BEGIN RECORDS FOR THIS EXERCISE

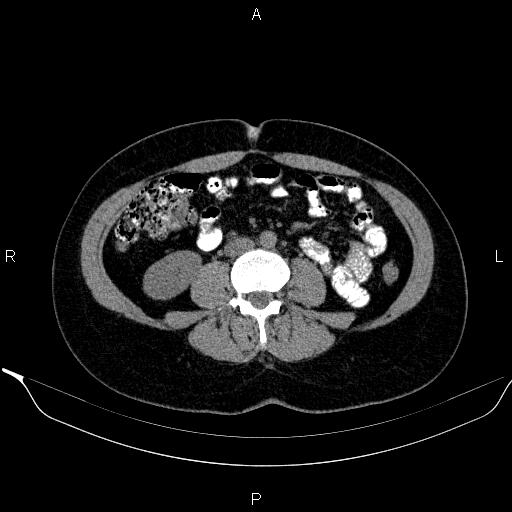 Bilateral adrenal myelolipoma (Radiopaedia 63058-71535 Axial non-contrast 99).jpg
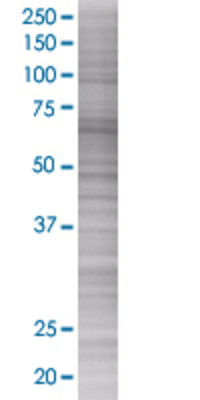 FEM1B transfected lysate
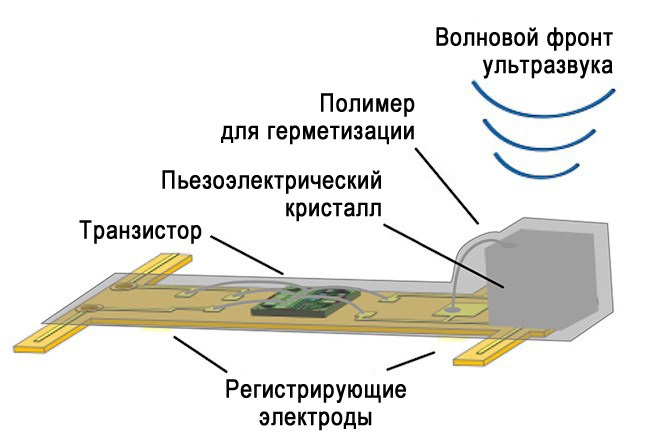 «Нейронная пыль»: крошечные беспроводные импланты работают как электронные медикаменты для мозга - 2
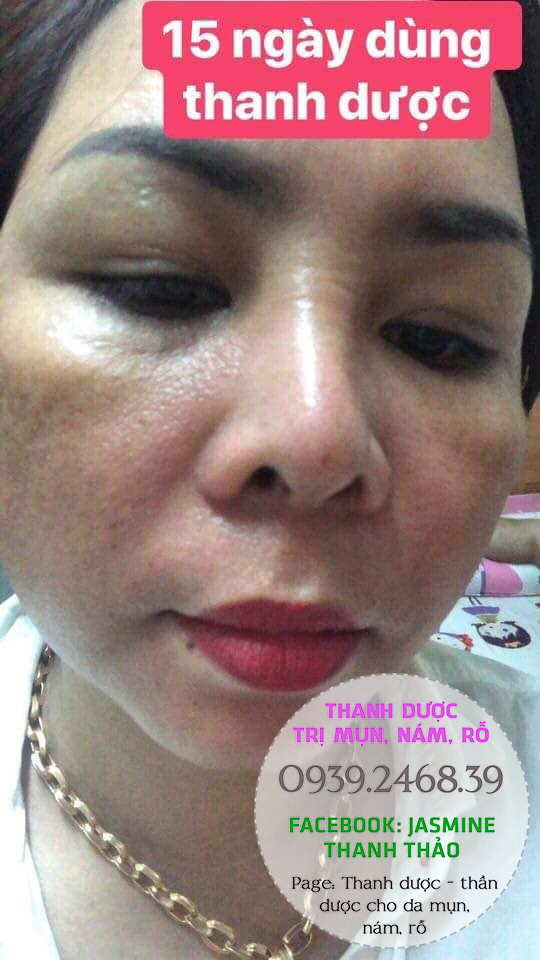 Serum Trị Mụn Thanh Dược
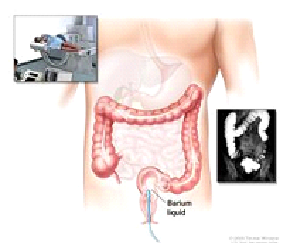 Barium enema procedure. The patient lies on an x-ray table. Barium liquid is put into the rectum and flows through the colon. X-rays are taken to look for abnormal areas.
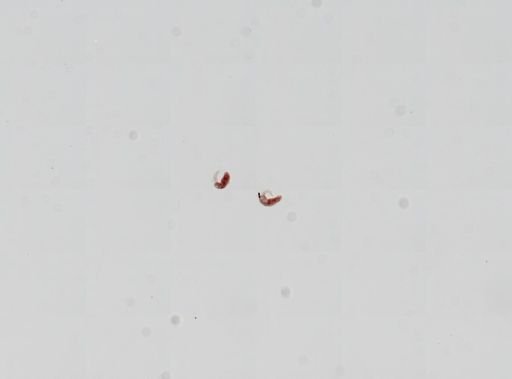 Trematoda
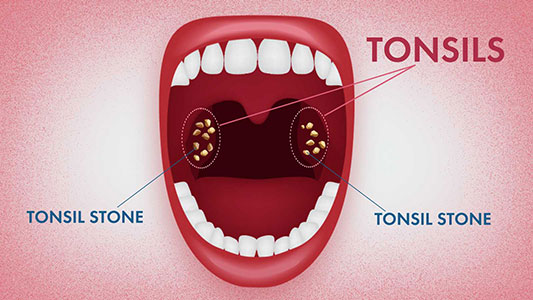 tonsil stone removal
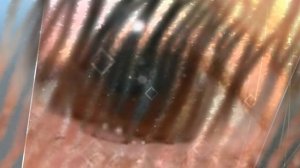 ★ Как убрать ячмень на глазу. Методы лечения ячменя на глазу. Антибактериальные кремы от ячменя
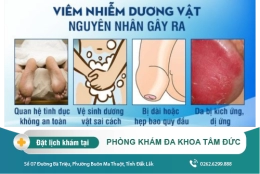 Viêm dương vật cần xử lý như thế nào? Cách chữa viêm dương vật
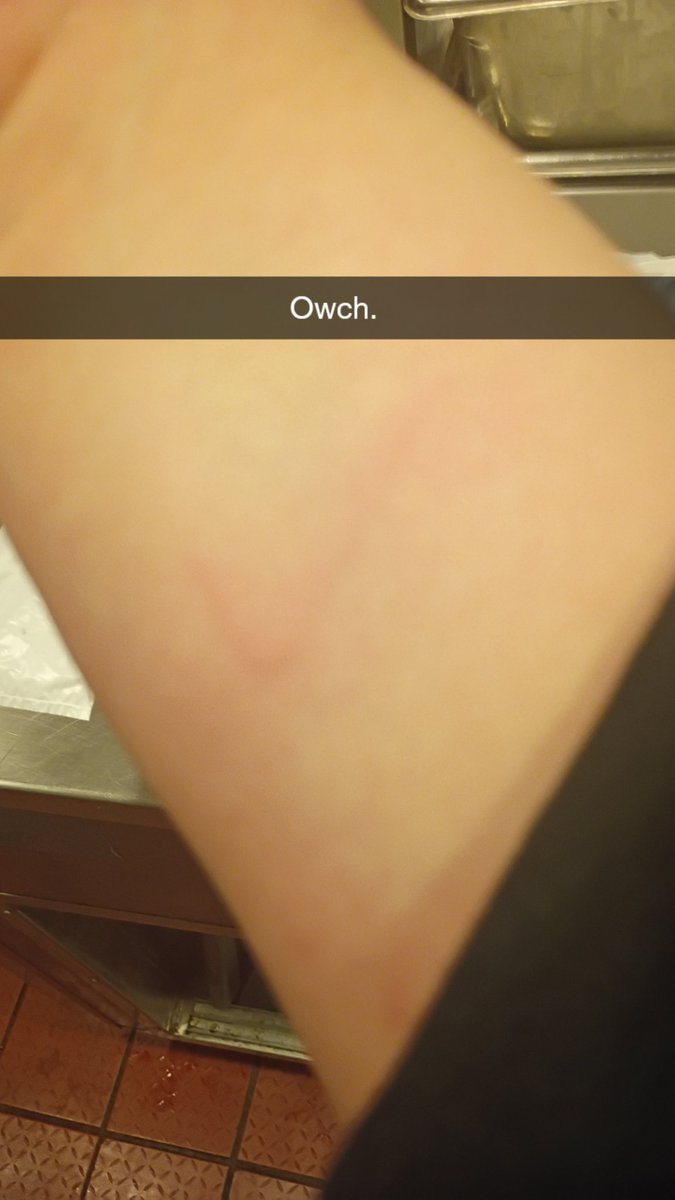 L shaped burn :(. I am loser 🫪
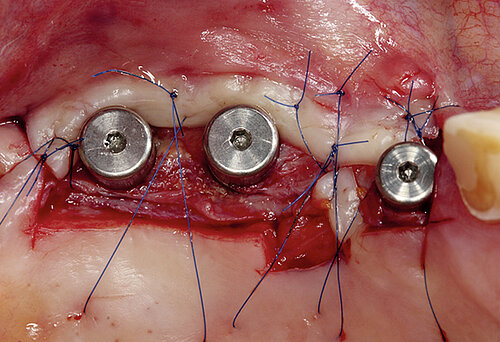 5/6 Rolling flap and apically repositioning to position the attached mucosa on the buccal side of the implants. Geistlich Mucograft® was used to create additional keratinized mucosa in situ.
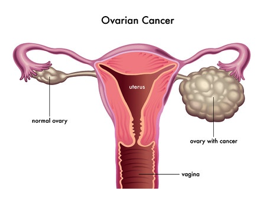 Rubraca (rucaparib) - ovarian cancer - Cancer Education and Research Institute (CERI)(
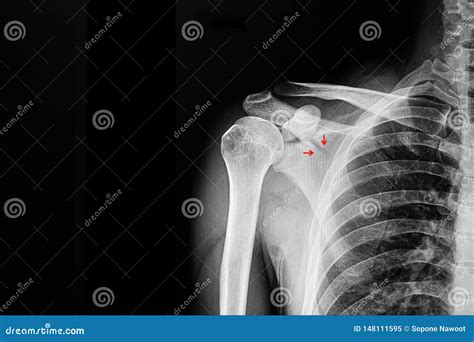 Fracture Scapular Stock Image Image Of Medicine Lung 148111595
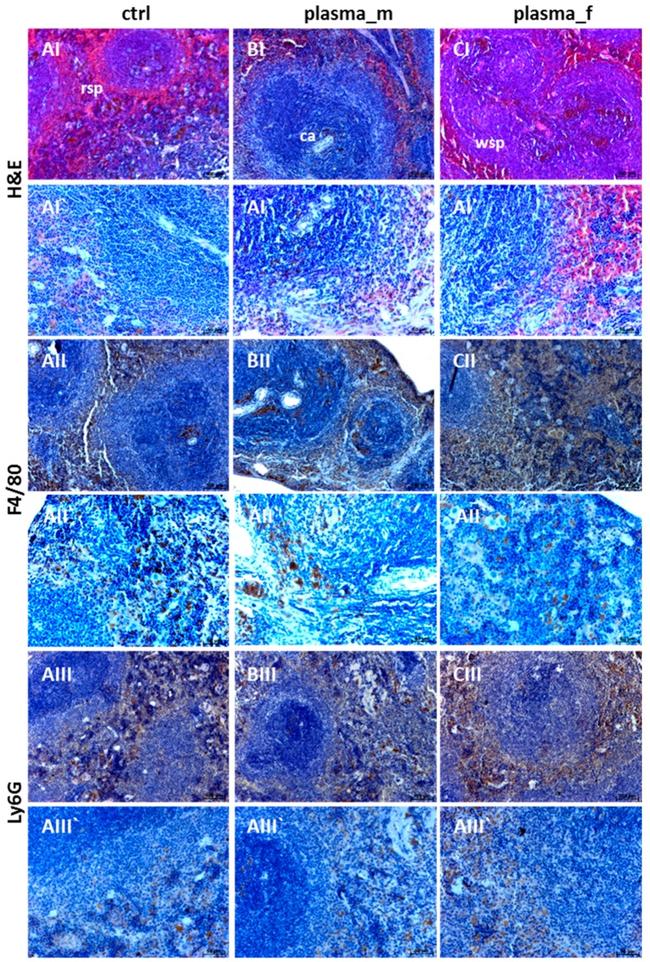 Ly-6G/Ly-6C Antibody in Immunohistochemistry (Paraffin) (IHC (P))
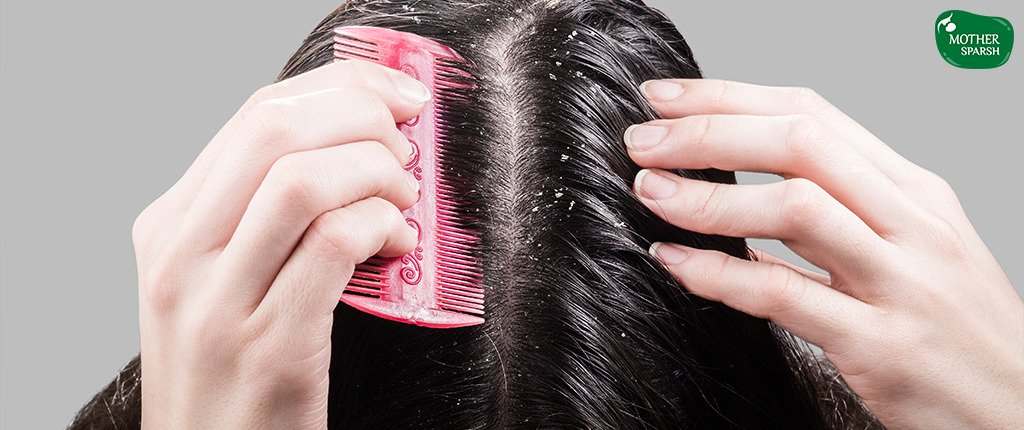 Hair Treatment for Dandruff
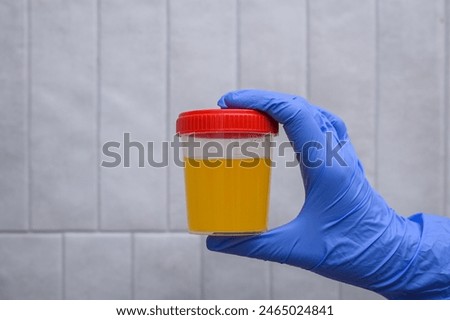 Urine test, hold the urine container with the sample collected for testing in your hand with a medical glove close up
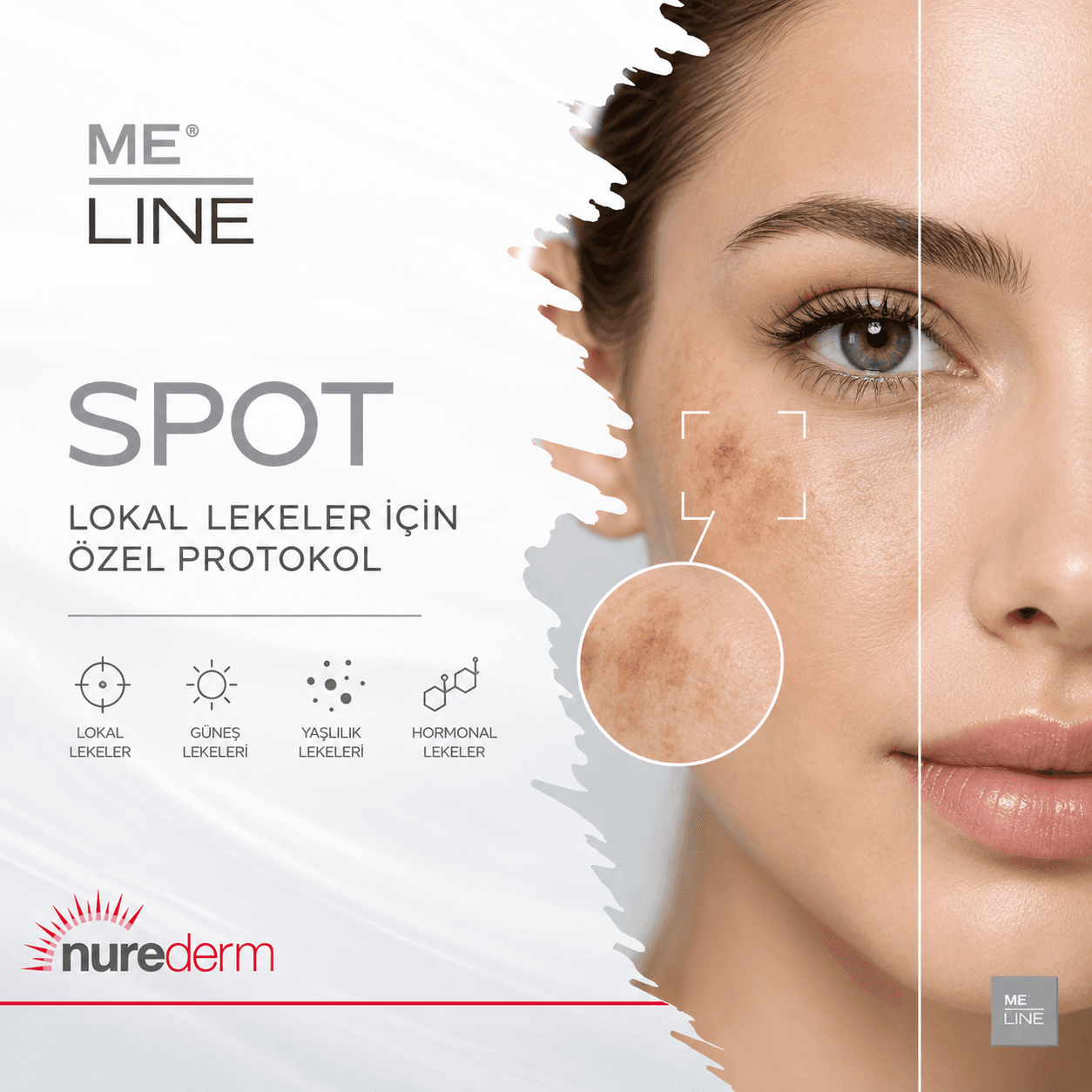 ME Line Spot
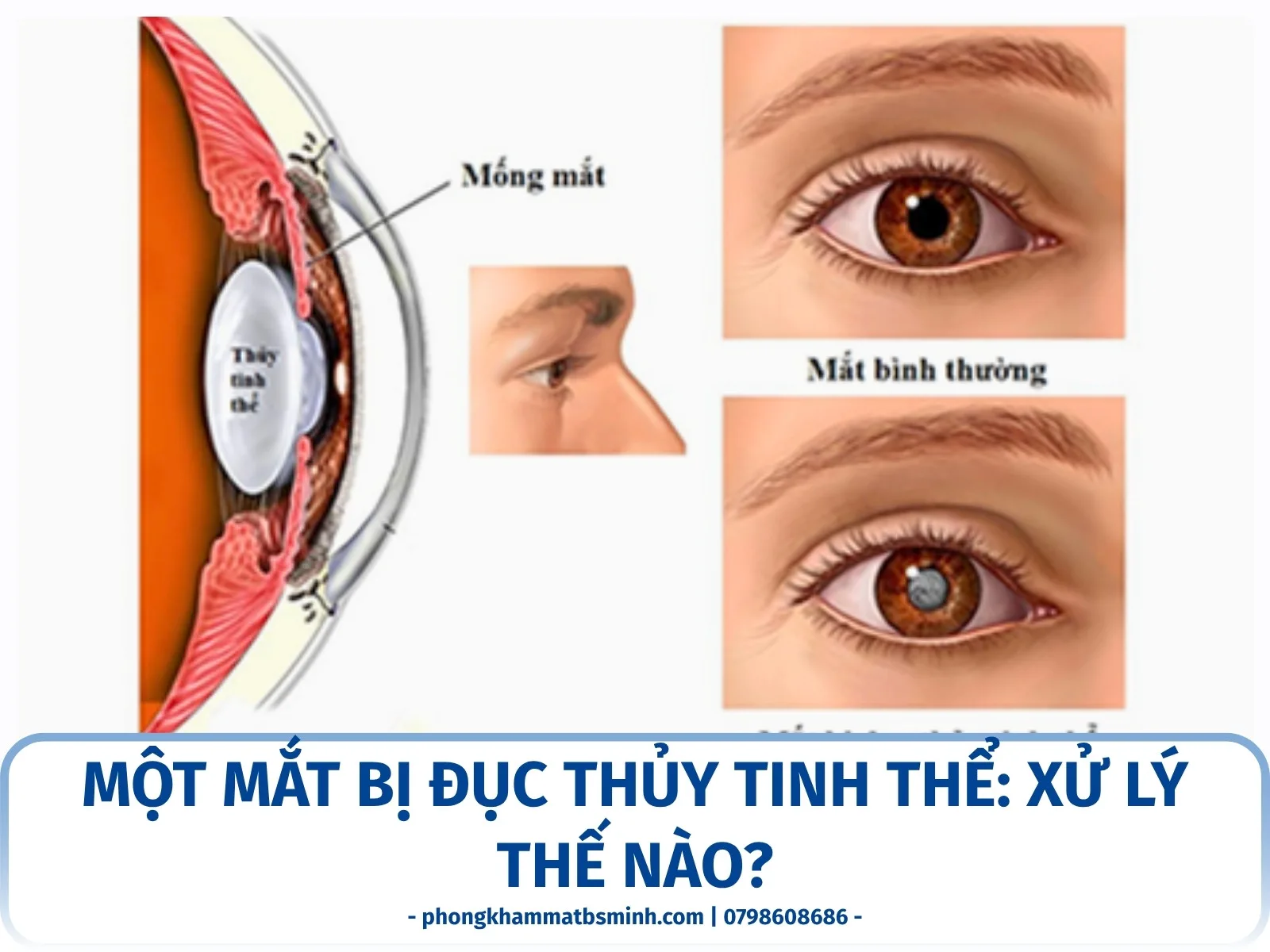 Một mắt bị đục thủy tinh thể: xử lý thế nào?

END RECORDS FOR THIS EXERCISE

WHAT THIS TASK INVOLVES: What you write must match the listing exactly, from the line with "Viêm dương vật cần" up to and including the line with "Ly-6G/Ly-6C Antibody in". Pictures stay out.

FINISHED TASK:
 Viêm dương vật cần xử lý như thế nào? Cách chữa viêm dương vật
 L shaped burn :(. I am loser 🫪
 5/6 Rolling flap and apically repositioning to position the attached mucosa on the buccal side of the implants. Geistlich Mucograft® was used to create additional keratinized mucosa in situ.
 Rubraca (rucaparib) - ovarian cancer - Cancer Education and Research Institute (CERI)(
 Fracture Scapular Stock Image Image Of Medicine Lung 148111595
 Ly-6G/Ly-6C Antibody in Immunohistochemistry (Paraffin) (IHC (P))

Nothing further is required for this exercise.